Diantara kasus penipuan yang bermodus jual beli melalui internet tersebut dapat dikatakan media sosial, baik facebook, twitter, maupun yang lainnya, menjadi media yang banyak dimanfaatkan produsen gadungan untuk menipu konsumen. Lemahnya proses verifikasi menjadi celah bagi produsen gadungan untuk menjalankan aksinya. Disamping itu, konsep ecommerce yang ditawarkan oleh media sosial internet lebih pada pendekatan kepercayaan (trust). Artinya, sejauhmana konsumen mempercayai produsen menjadi titik tolak berjalannya transaksi jual beli diantara mereka. Hal tersebut dapat dilihat dari proses jual beli yang dijalankan melalui media sosial tersebut. Aturan main yang banyak digunakan oleh produsen di media sosial internet adalah konsumen harus mentransfer terlebih dahulu sejumlah uang yang senilai dengan harga produk yang akan dibeli ditambah dengan ongkos kirim. Aturan main ini yang kemudian menjadi “pertaruhan” bagi konsumen, apakah percaya terhadap produsen atau tidak. Tidak sedikit konsumen yang terjerembab dalam aturan main ini sehingga jatuh dalam skandal penipuan. Uang melayang barang tak terbeli.

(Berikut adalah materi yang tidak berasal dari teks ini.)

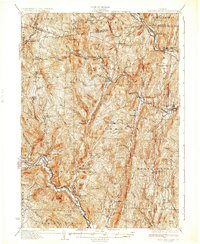 Saxtons River 1933 topographic map thumbnail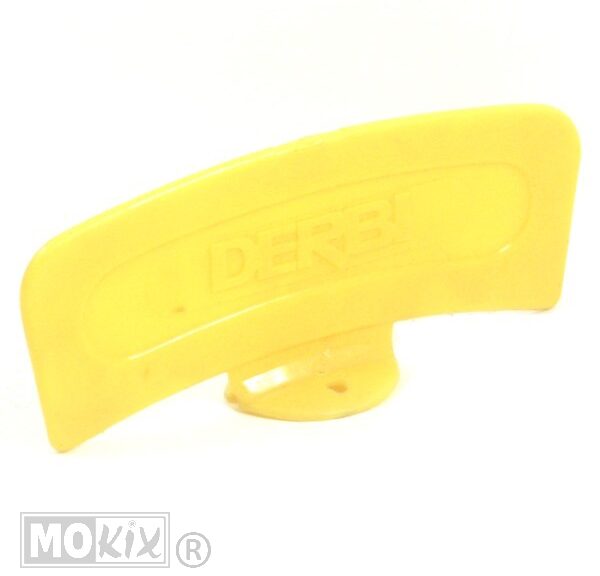Gele Plaat Derbi PVC Voet
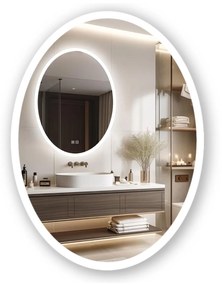 Tutumi Tutumi, LED kúpeľňové zrkadlo 60x80cm WWA, HOM-06503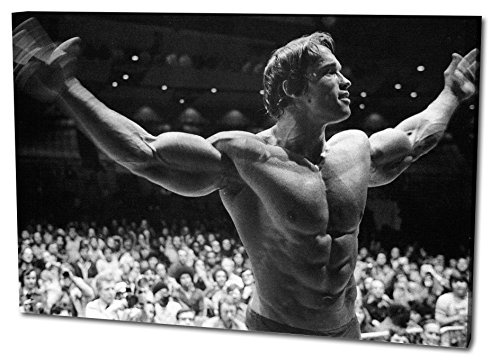 Arnold Schwarzenegger Format: 120x80 Leinwandbild, TOP-Qualität!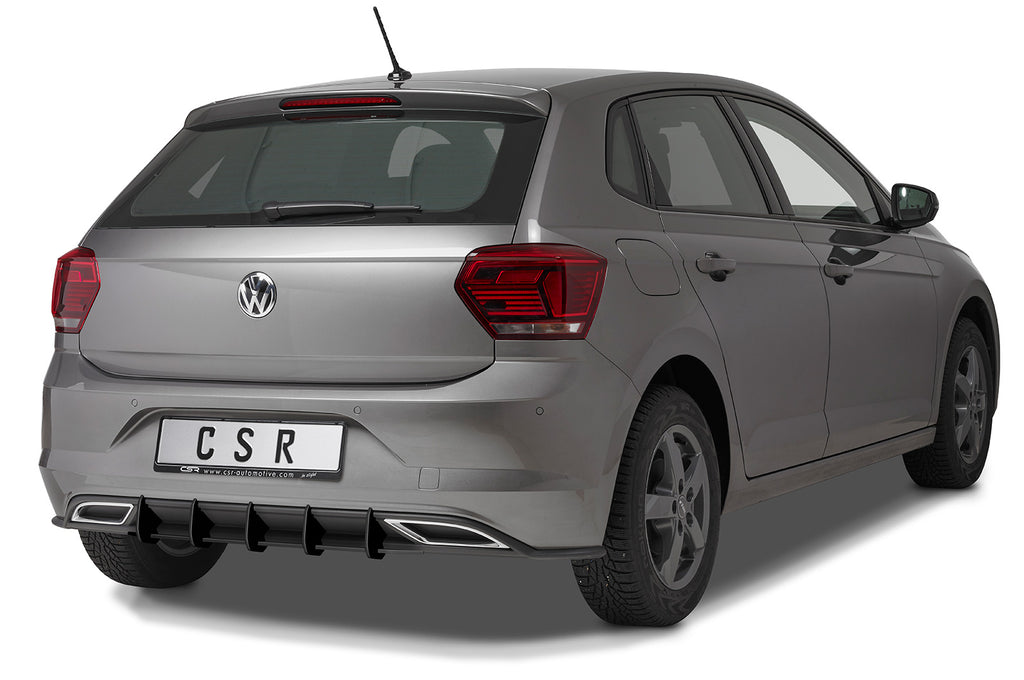 CSR Racing Diffusor | Heckansatz für VW Polo 6 2G (Typ AW) R-Line HA318-L Unlackiert roh (Lackierung erforderlich)
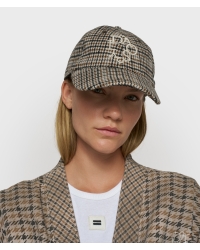 10 Days wool blend check cap 1041 champagne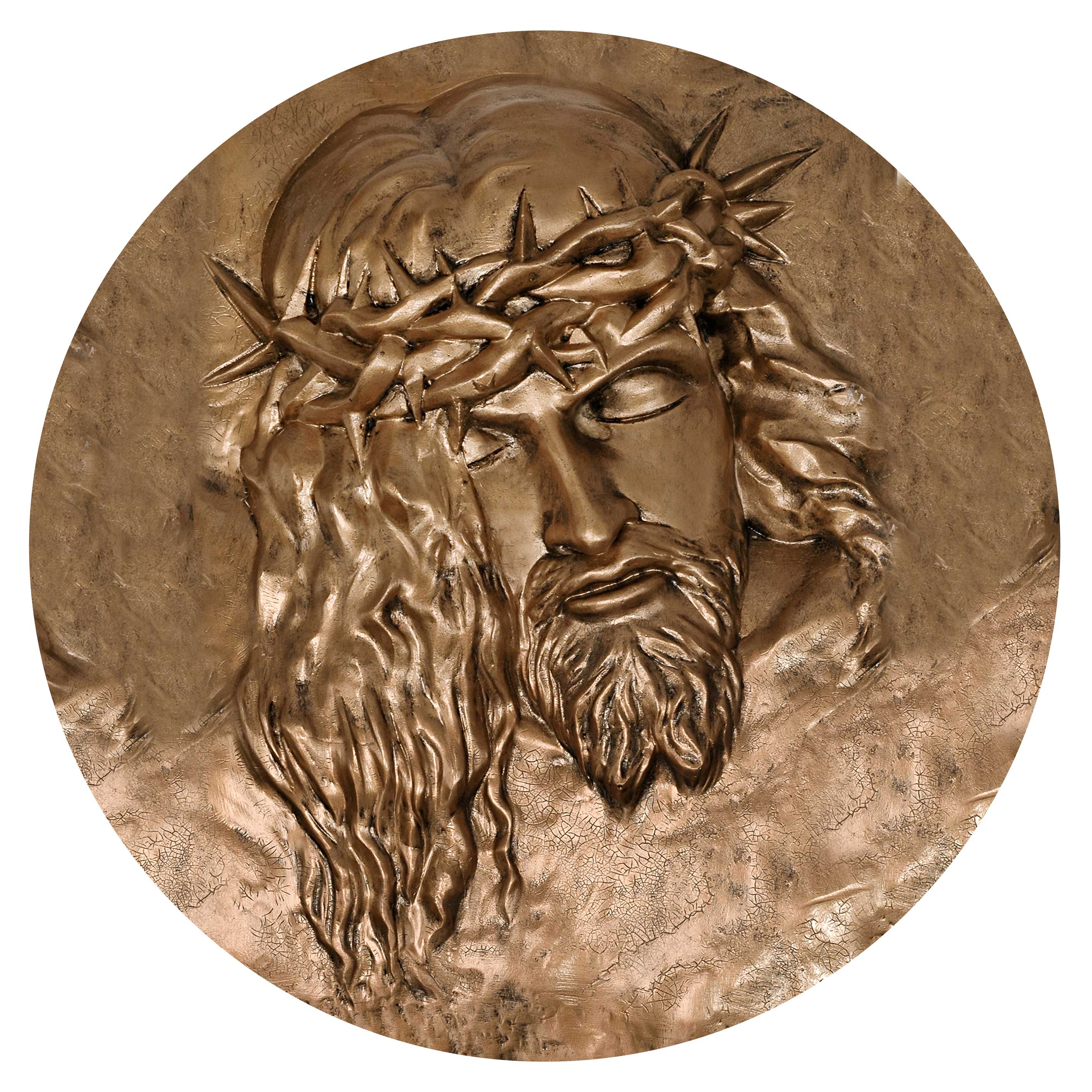 Pan Jezus -  Płaskorzeźba - ⌀45 cm - P19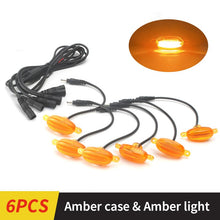 Load image into Gallery viewer, LED Front Grille Marker Lights w/Projector Lens Assembly Compatible with Cars, Pickups, Trucks, SUV, Trailer, 3000K Amber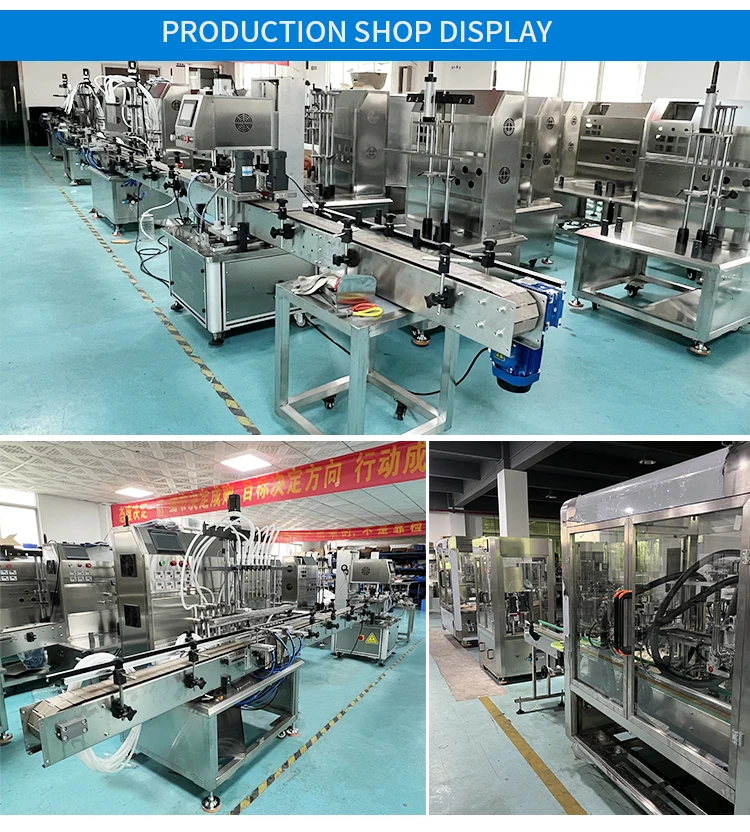 Fully Automatic 6000 Bottles Per Hour Filling Production Line Shampoo Viscous Liquids Customizable Core Engine PLC Made China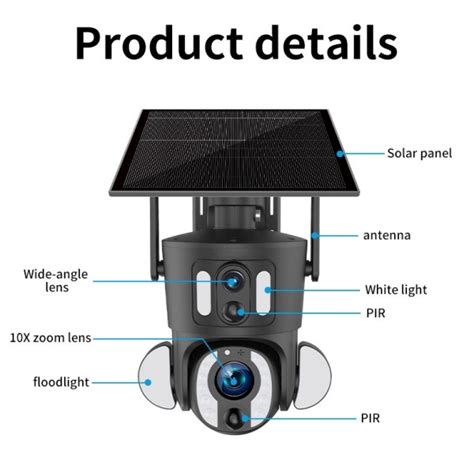 PTZ Camera 10X Solar Powered Dual Lens Security Camera China Factory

Aturan main pembeli harus transfer terlebih dahulu pada dasarnya juga menjadi “pertaruhan” bagi produsen untuk menjalin kepercayaan kepada konsumen dikemudian hari. Ketika produsen mampu melewati “ujian” ini maka selanjutnya akan memudahkannya dalam menjaring pasar secara lebih luas. Pada sisi lain, ada banyak strategi yang dikembangkan oleh produsen agar dengan aturan main tersebut konsumen tetap merasa nyaman untuk berbelanja. Salah satu strategi untuk membangun kepercayaan konsumen yang dijalankan oleh produsen adalah dengan menggunakan testimoni para pembeli yang telah berbelanja di situs produsen tersebut. Selama testimoni, baik berupa pujian maupun rekomendasi, menjadi strategi yang banyak digunakan dan dianggap ampuh oleh produsen ecommerce untuk meraup kepercayaan konsumen di dunia maya. Melalui testimoni ini konsumen diharapkan dapat melakukan verifikasi terhadap keberadaan produsen.
Strategi lain yang juga banyak digunakan produsen untuk memperoleh kepercayaan dari konsumen adalah dengan memajang bukti pengiriman barang (resi) yang telah dilakukan oleh produsen. Melalui resi ini produsen ingin menunjukkan kepada konsumen bahwa mereka telah dipercaya oleh konsumen lain dan juga barang-barang yang mereka jual memang tersedia. Semakin berkembangnya jasa-jasa pengiriman yang berbasis sistem informasi pengiriman maka konsumen juga lebih mudah untuk memantau “perjalanan” barangnya dengan melihatnya di situs milik jasa pengiriman yang dipakai oleh produsen. Cukup dengan meminta nomor resi kepada produsen dan kemudian memasukkan data nomor resi di situs jasa pengirimannya maka konsumen dapat melakukan pemantauan tersebut.
Maraknya ecommerce pada gilirannya tidak dapat berdiri sendiri akan tetapi mensyaratkan terciptanya kepercayaan diantara produsen dan konsumen. Masa depan ecommerce dapat dikatakan digantungkan pada nilai kepercayaan yang tertanam disitu. Sejauh kepercayaan tetap terjaga maka dunia maya akan semakin ramai dengan riuhnya konsumen yang berselancar dari gerai ke gerai. Dunia maya juga akan semakin ramai denga kegaduhan yang diciptakan oleh konsumen yang saling bergunjing sekaligus memberikan testimoni akan sebuah produk. Uniknya, kesemuanya dilakukan hanya dari sebuah kamar. Ini bukan lagi apa yang disebut sebagai global village akan tetapi ini adalah global room.